Is a V-6 Chevy Camaro Rental Faster than Roadkill’s Fleet?

Last time on Roadkill, Mike Finnegan and David Freiburger lived their ultimate Mullholland-racer dreams with the Super Camaro road trip up the California coast to the world-famous Laguna Seca Raceway. They didn’t drive all the way from Tucson Dragway for nothing, though. It’s time to see how the Super Camaro stacks up against its modern sibling: A 2020 Chevy Camaro V-6 rental car. 

Renting a world-class racing facility like Laguna Seca ain’t cheap, though, so it’s not just going to be Camaro-on-Camaro action this time. Finnegan and Freiburger have brought every race car the Roadkill fleet has to offer—the ones that are currently running, that is—which means it’s just NASCARlo and the ever un-trustworthy Rotsun (sad trombone). You might be thinking, “But wait, NASCARlo is a real, like really real, race car. That’ll beat the V-6 rental car, for sure!” More on that later; the guys need to get their garbage running right!

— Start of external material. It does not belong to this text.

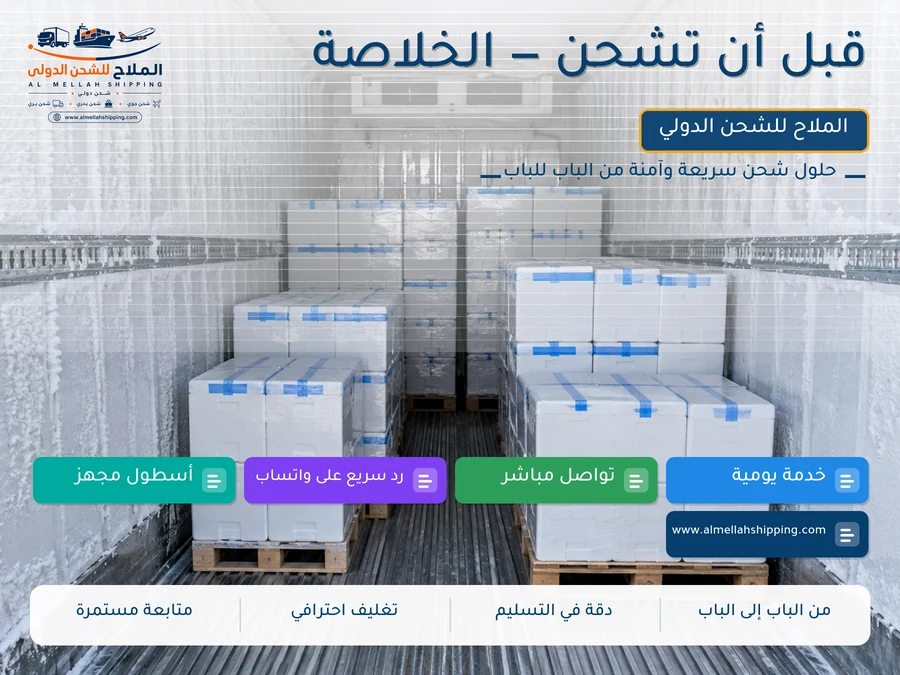 قبل أن تشحن — الخلاصة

Prepping Vintage Race Cars for a Historic Racetrack

As usual, before the fun can begin, there must be much “fixing” of things. It’s been more than a year since we last saw the Rotsun, and that doesn’t mean the magical storage lot elves came in and fixed everything that was wrong with the clapped-out Datsun 240Z. The turbo still smokes and the rear end still makes some bad noises, and now the starter won’t engage.

Also, Freiburger discovered they installed the Nissan 300ZX rear suspension incorrectly, so that needs to be fixed the Roadkill way, too (see: ignore it until it breaks). This could be the first time the guys actually get to open the Rotsun up and see what all that junkyard Ford 5.0 V-8 and Power Stroke turbo awesomeness can really do, but only if the Rotsun finally fails to do what it always does: fail.

NASCARlo, if you recall, is a real NASCAR race car that Finnegan and Freiburger mated with a 1971 Chevy Monte Carlo body to make street-legal and has been a staple for performance driving in the Roadkill Universe ever since. But Laguna Seca Raceway is a road course—a fast one—and the unofficial lap record is 1:05.786, set in a 2003 Ferrari Formula 1 race car. That means the car averaged 122+ mph on the 2.238 miles of twisty turns draped over undulating hills. NASCARlo was built for half-mile dirt ovals and is still running on dirt tires caked in Georgia clay. And Laguna Seca has noise restrictions, and NASCARlo does not have mufflers. 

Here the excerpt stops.